*** Opening of STORED DATA ***

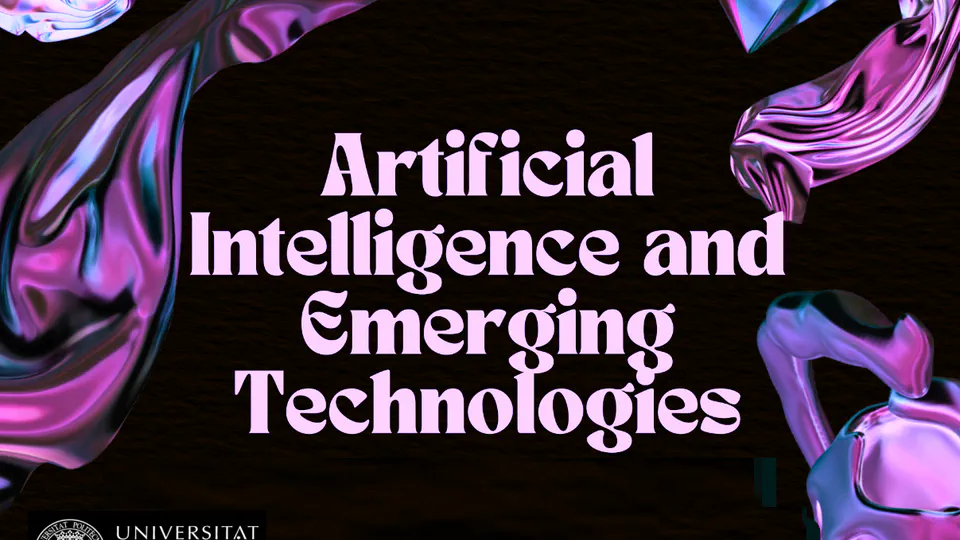 Trustworthy AI Seminar at UPV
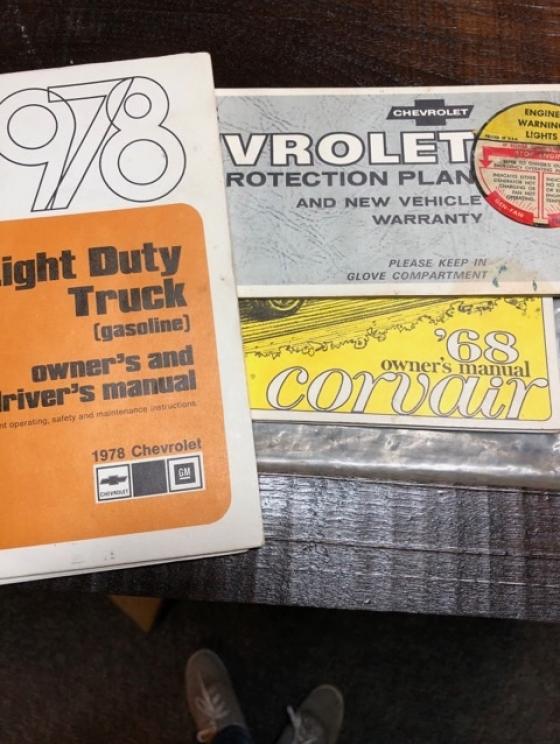 Image for Antique Tractors, Advertising, Tools & More!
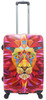 Saxoline Jungle Lion 4 Wheel Trolley 71 cm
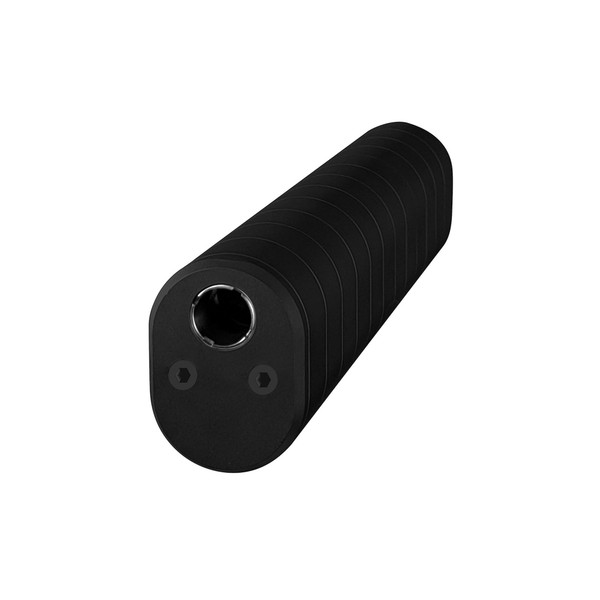YHM Victra-12 12GA Black Suppressor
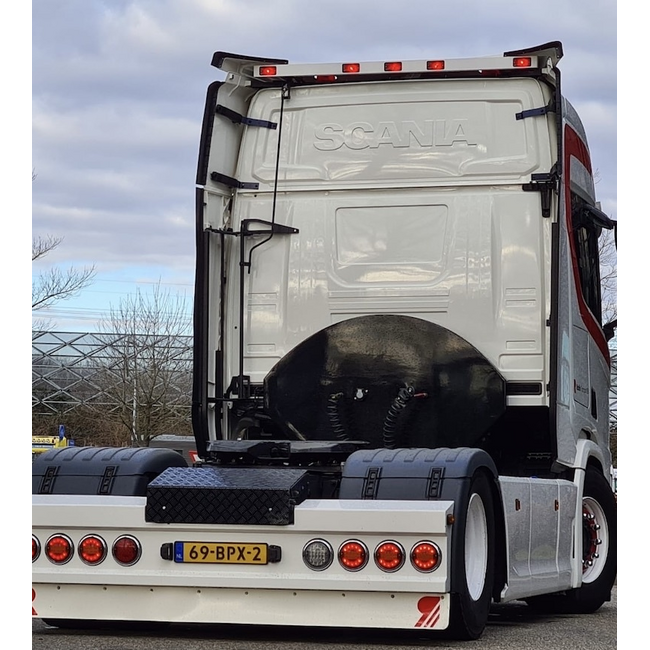 Turbo Truckparts Lygtebøjle Sidemarkeringslys Scania NG
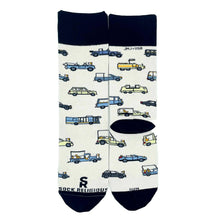 Load image into Gallery viewer, Pope Mobile Adult Socks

*** Close of STORED DATA ***

- INSTRUCTIONS FOR THE TASK
The data above must be copied exactly. Leave out the pictures.

- TASK ANSWER
 Trustworthy AI Seminar at UPV
 Image for Antique Tractors, Advertising, Tools & More!
 Saxoline Jungle Lion 4 Wheel Trolley 71 cm
YHM Victra-12 12GA Black Suppressor
 Turbo Truckparts Lygtebøjle Sidemarkeringslys Scania NG
 Load image into Gallery viewer, Pope Mobile Adult Socks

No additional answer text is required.